Getting Paid When the Provider is Out-of-Network: How Much, How Soon, What Hassles?
The theme for the latest round of private insurance payment disputes seems to be payment hassles that physicians and other health care providers experience when dealing with private insurers, particularly managed care companies. Here are a few cross references to issues that I hope to cover in greater detail within the next day or so:
1) Disputes over the calculation of the Usual, Customary and Reasonable payment for a physician who has not signed a contract with a Payor, as demonstrated by Cuomo’s lawsuit over alleged underestimation by United Healthcare’s wholly owned subsidiary Ingenix. The allegations also discuss a conflict of interest between United HealthCare’s representations to its Members and its relationship with Ingenix.

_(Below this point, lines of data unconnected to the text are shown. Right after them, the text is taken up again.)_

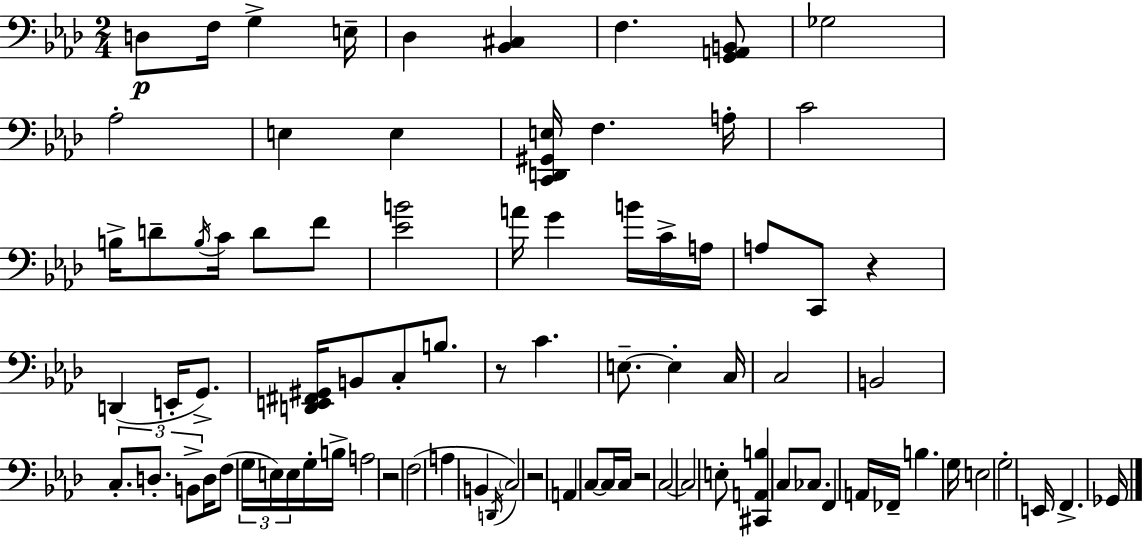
X:1
T:Untitled
M:2/4
L:1/4
K:Ab
D,/2 F,/4 G, E,/4 _D, [_B,,^C,] F, [G,,A,,B,,]/2 _G,2 _A,2 E, E, [C,,D,,^G,,E,]/4 F, A,/4 C2 B,/4 D/2 B,/4 C/4 D/2 F/2 [_EB]2 A/4 G B/4 C/4 A,/4 A,/2 C,,/2 z D,, E,,/4 G,,/2 [D,,E,,^F,,^G,,]/4 B,,/2 C,/2 B,/2 z/2 C E,/2 E, C,/4 C,2 B,,2 C,/2 D,/2 B,,/2 D,/4 F,/2 G,/4 E,/4 E,/4 G,/4 B,/4 A,2 z2 F,2 A, B,, D,,/4 C,2 z2 A,, C,/2 C,/4 C,/4 z2 C,2 C,2 E,/2 [^C,,A,,B,] C,/2 _C,/2 F,, A,,/4 _F,,/4 B, G,/4 E,2 G,2 E,,/4 F,, _G,,/4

Link to Cuomo Notice of Intent to Sue
Link to NY Attorney General’s Office Press Release
2) Disputes over the calculation of the Usual, Customary and Reasonable payment for a non participating physician who was not chosen by the patient, specifically hospital based physicians and physicians providing emergency services, as demonstrated by the AMA’s dispute with Aetna. The AMA is claiming that Aetna’s method of paying out-of-network physicians at 125% of Medicare violates its 2003 settlement agreement in the HMO Class Action. They also claim that Aetna has a duty to disclose to patients on their explanation of benefits that the physician is entitled to bill them for the difference between the 125% and the physician’s charge. The AMA alleges that Aetna is telling patients that they have no responsibility to pay the balance to these “involuntarily chosen out-of-network” physicians.
Link to AMA News
Link to Hartford
Courant Article
3) Disputes over the payment process used by Payors when the provider is out-of-network and counter-disputes by Payors that out-of-network providers are delaying the transfer of patients back to Participating hospitals, as demonstrated by the dispute between the Prime Hospitals in California and Kaiser Permanente.
Link to San
Diego Union Article
Good post., brother
Posted by: Tessiebm | March 24, 2008 at 04:53 PM
So how do providers get reimbursed when the patient chooses to go to an out-of-network physician because that physician is the only specialist in a 50-mile radius! How can a provider determine the patient's out-of-pocket costs when the insurance companies will not disclose their 'Maximum Allowable' schedule?? Example: Breast Reconstruction patient - billed insurance $30,000 and they paid $2,000 -- on the EOB it states that the patient is responsible for $27,000!!! The physician is willing to give a discount to the patient but come on! The insurance company came out way better don't you think??